Personal information
- Birth name: Alba Caño Isant
- Date of birth: 30 September 2003 (age 22)
- Place of birth: Puiggròs, Catalonia, Spain
- Height: 1.65 m (5 ft 5 in)
- Position: Midfielder

Team information
- Current team: Boston Legacy
- Number: 26

Youth career
- 2008–2015: Les Garrigues
- 2015–2018: SE AEM
- 2018–2020: Barcelona

Senior career*
- Years: Team / Apps / (Gls)
- 2020–2024: Barcelona B
- 2022–2025: Barcelona / 10 / (1)
- 2026–: Boston Legacy / 1 / (0)
- 2025: → Barcelona (loan) / 0 / (0)

International career^{‡}
- 2022: Spain U-19 / 7 / (0)
- 2025–: Catalonia / 1 / (0)

= Alba Caño =

Spanish footballer (born 2003)

Alba Caño Isant (born 30 September 2003) is a Spanish professional footballer who plays as a midfielder for Boston Legacy FC of the National Women's Soccer League (NWSL). She previously played for Liga F club Barcelona.

==Club career==
===Early career===
Caño is from Puiggròs, Catalonia. She started her football career at the age of five with local team Escola Futbol Comarçal Les Garrigues before moving to SE AEM in Lleida in 2015 and joining Barcelona three years later.

===Barcelona===
Caño joined Barcelona's youth setup in 2018. After two years, she was promoted to the B team in 2020. She began being incorporated in training with the first team in 2022.

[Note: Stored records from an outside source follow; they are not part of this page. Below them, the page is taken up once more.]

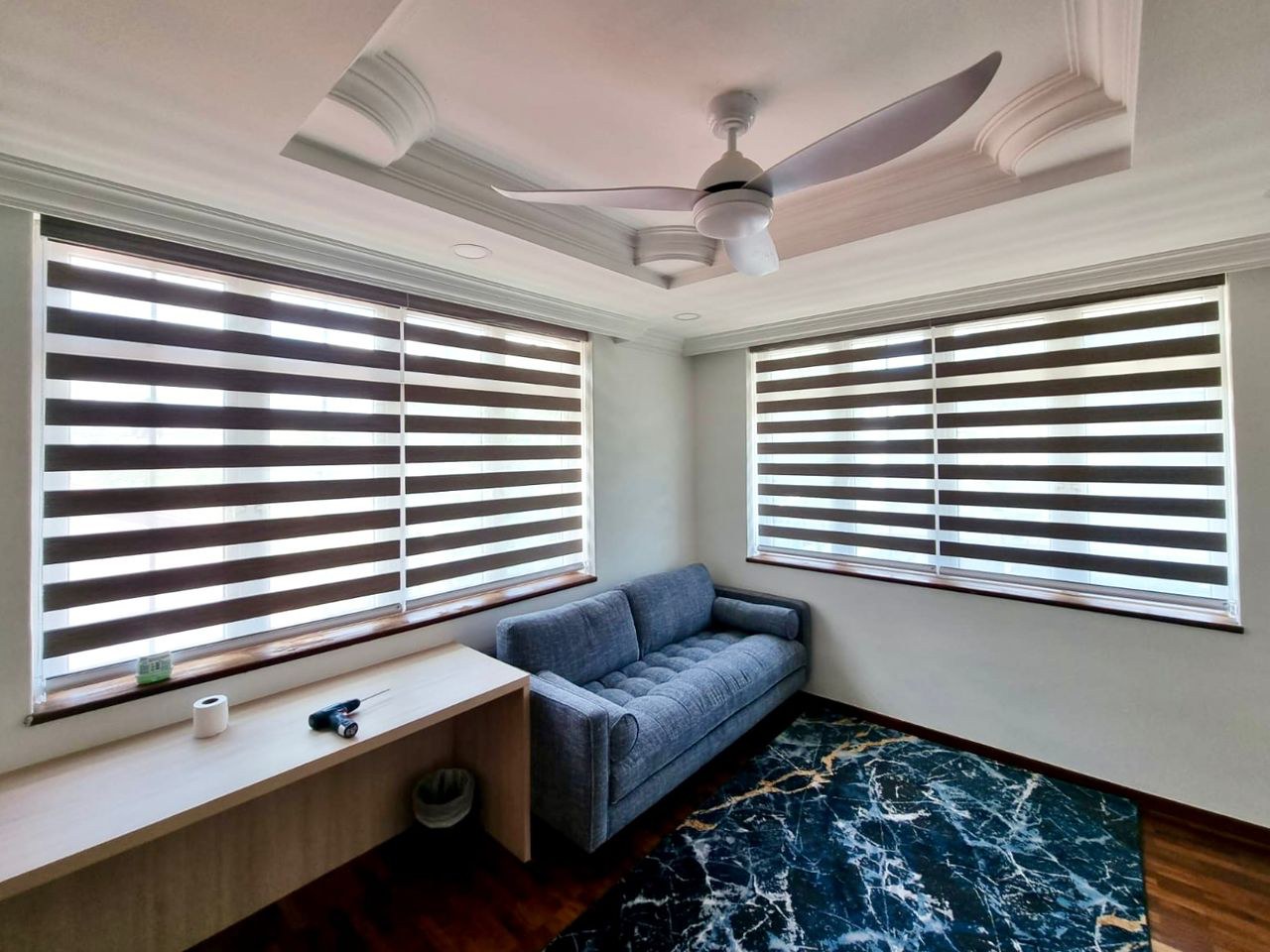 Combi blind fitted across a tall floor-to-ceiling window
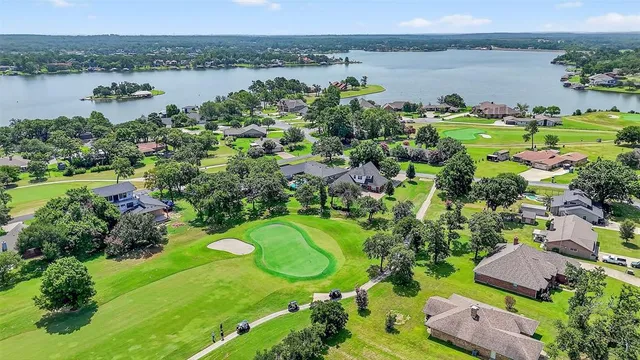 a view of a lake with a yard and lake view
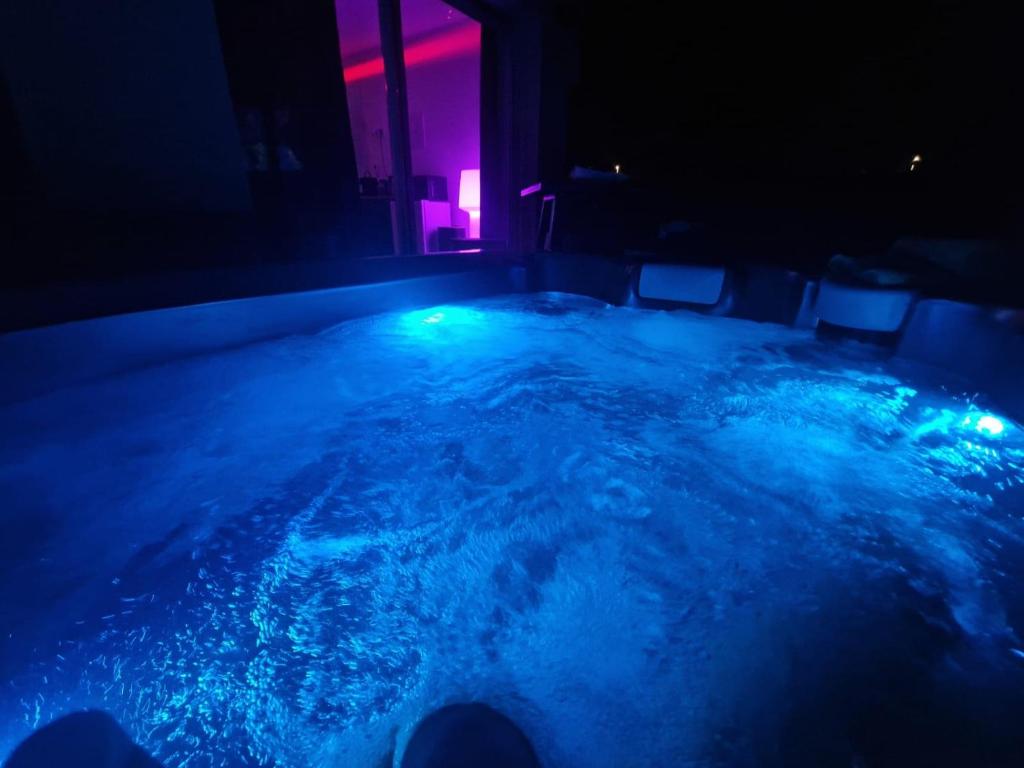 uma banheira de hidromassagem num quarto com luzes azuis e rosa em Studio chic jacuzzi em Portet-sur-Garonne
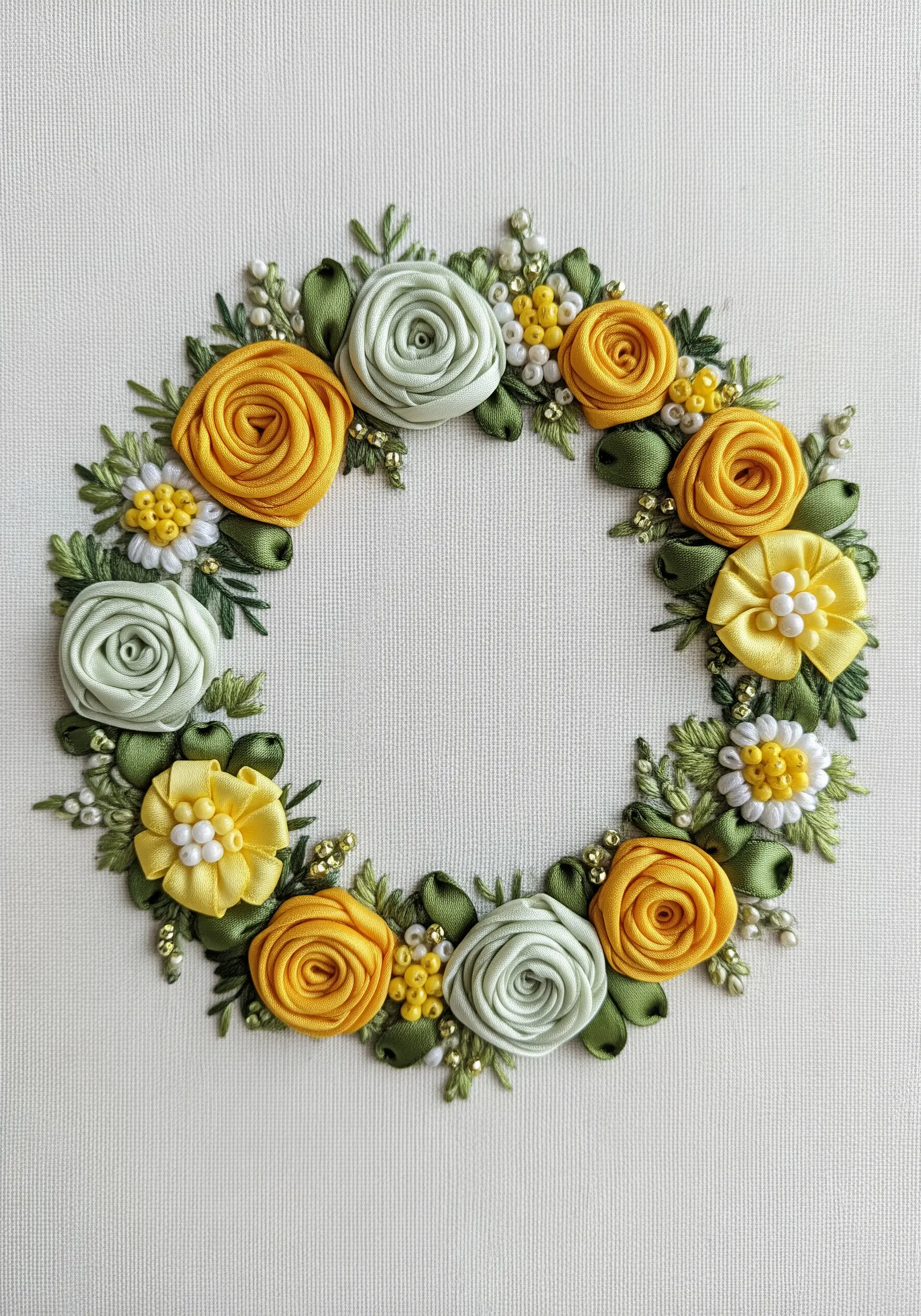 A floral wreath made with yellow and green satin ribbons, creating dimensional roses and leaves.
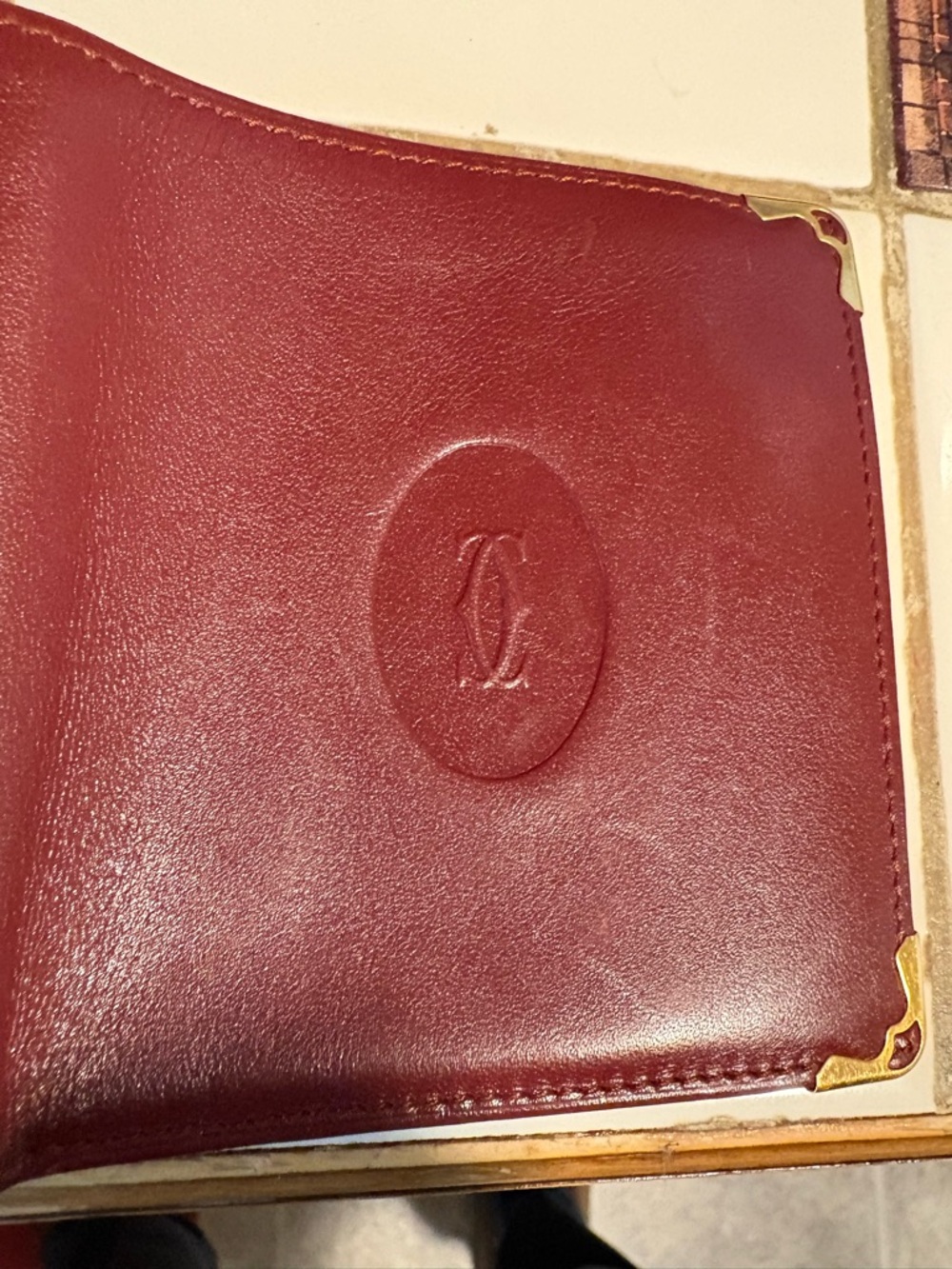 Vintage Cartier Burgundy Leather Bifold Wallet with Gold-Tone Corners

Caño made her first-team – and Liga F – debut on 3 November 2022 in a 4–0 away win against Levante.

Caño played her first match of the 2024–25 season on 8 September 2024 when she came on as a substitute and played the remaining 44 minutes of the game in a 3–0 away victory at Deportivo de La Coruña.

===Boston Legacy===

Alba Cano with the Boston Legacy in 2026

On 31 July 2025, National Women's Soccer League (NWSL) expansion team Boston Legacy announced the signing of Caño on a two-and-a-half-year contract with the team option for an additional year. She remained at Barcelona on loan until Boston began play in 2026, making just one appearance in their Copa de la Reina win against Alavés on 21 December 2025.

Once Boston's inaugural season commenced, Caño scored her first NWSL goal on 29 April 2026, netting the opener in a 2–2 draw with the North Carolina Courage.